After an illustrious career in the Royal Navy ,William was paid off in 1824. He came to live in The Crescent, Bedford where he built a well equipped private observatory and sent the young Charles to be educated at the Grammar School. In 1839 William left the town to head the project to build new Docks in Cardiff and did not return. His observatory was sold off. He finally retired to Stone in Buckinghamshire where he died in 1885
At the age of 16, son Charles went out to South Africa to work with MacLear whom he had known in Bedford and became closely involved in the observation and tracking of Halley’s Comet in 1835 and the Great Comet in 1843. Smyth’s calculations regarding the precise scale and angles of the various levels of the Great Pyramid at Giza are still referred to and used as a formula by mathematicians undertaking similar work today
In 1846 he returned to the United Kingdom to become Astronomer Royal For Scotland where he enhanced his professional reputation and was also responsible for the placing of the time ball on the top of Nelson’s Monument at the Calton Hill Observatory in Edinburgh together with the firing of the one 0’clock gun every day at the Castle, both in order to assist seafarers in Leith Docks and the Firth of Forth to synchronize their chronometers. Smyth also pioneered the use of stereoscopic pictures in books to illustrate his findings.
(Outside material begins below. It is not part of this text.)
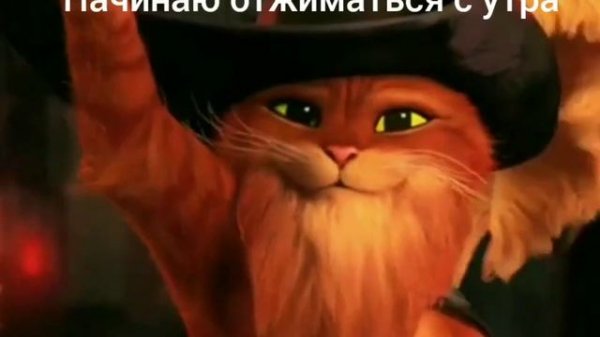 Свист Волка-Смерти #котвсапогах #мемы #приколы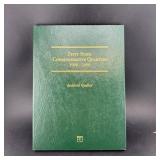 50-State Commemorative Quarter Set (Not Complete)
The weather conditions in Edinburgh were however so poor as to cause Smyth to have to undertake much of his work in the Canary Islands where visibility was much better.
The Royal Observatory in Edinburgh also appears to have been constantly underfunded and after a series of protracted disputes Charles Smyth resigned in 1888, citing the lack of funding as his reason and he retired to Ripon where he died in February 1900.